- [Task statement]
Print every record below exactly, minus the pictures.

- [Listed entries]
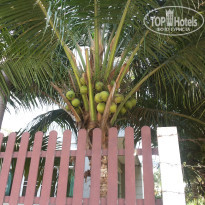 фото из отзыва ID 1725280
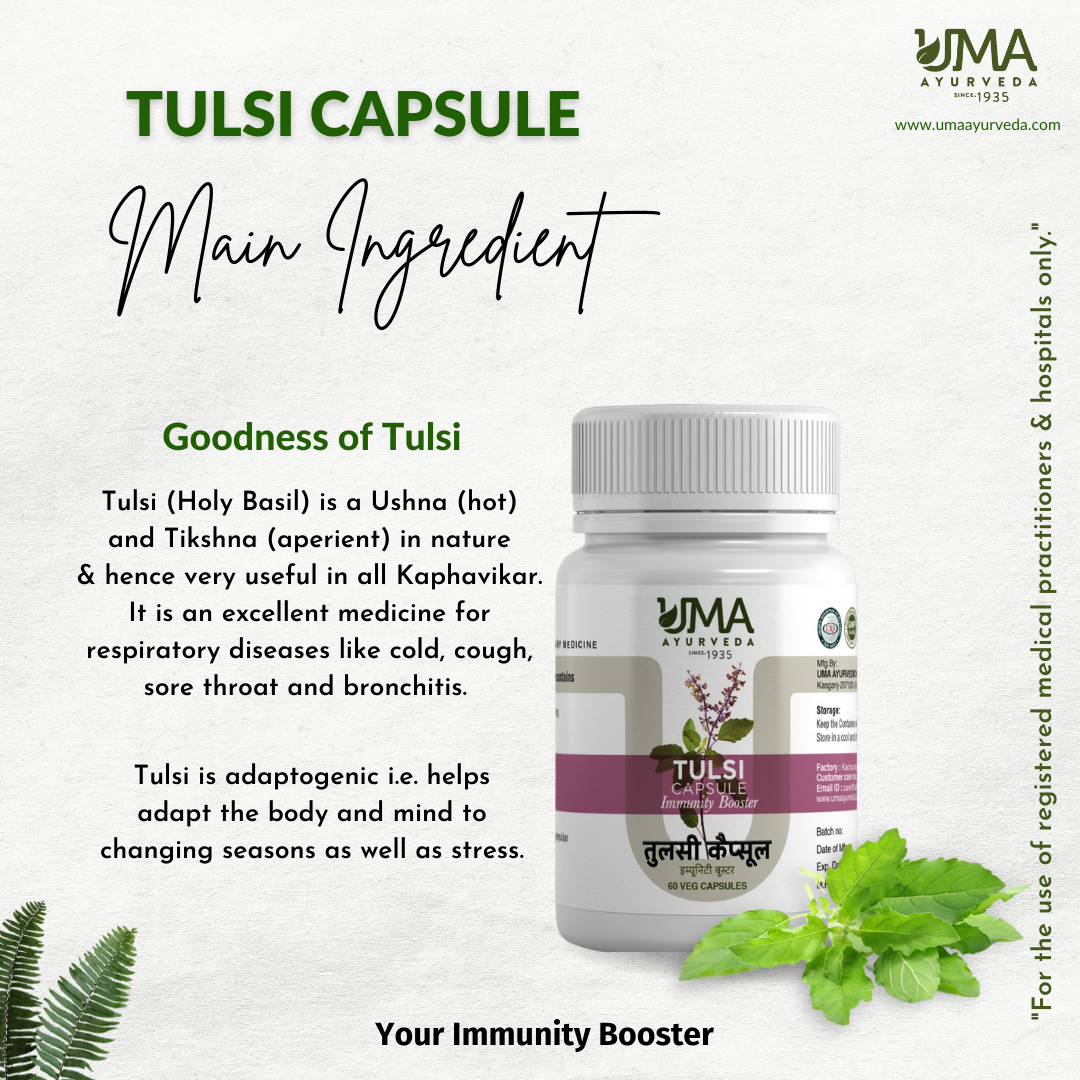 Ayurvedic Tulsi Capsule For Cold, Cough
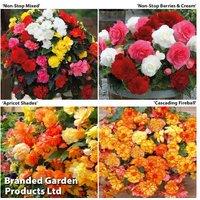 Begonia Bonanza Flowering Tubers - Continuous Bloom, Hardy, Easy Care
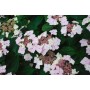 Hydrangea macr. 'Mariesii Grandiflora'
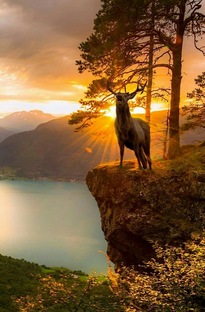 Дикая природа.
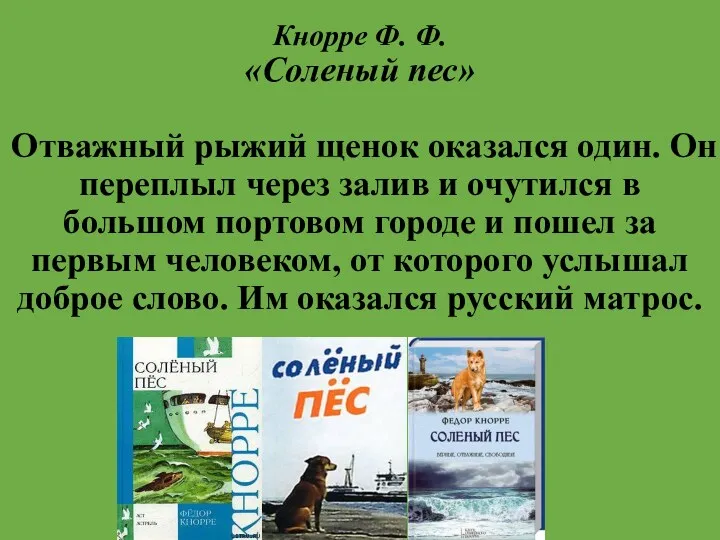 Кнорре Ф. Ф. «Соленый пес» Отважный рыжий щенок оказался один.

- [Task solution]
 фото из отзыва ID 1725280
 Ayurvedic Tulsi Capsule For Cold, Cough
 Begonia Bonanza Flowering Tubers - Continuous Bloom, Hardy, Easy Care
 Hydrangea macr. 'Mariesii Grandiflora'
 Дикая природа.
 Кнорре Ф. Ф. «Соленый пес» Отважный рыжий щенок оказался один.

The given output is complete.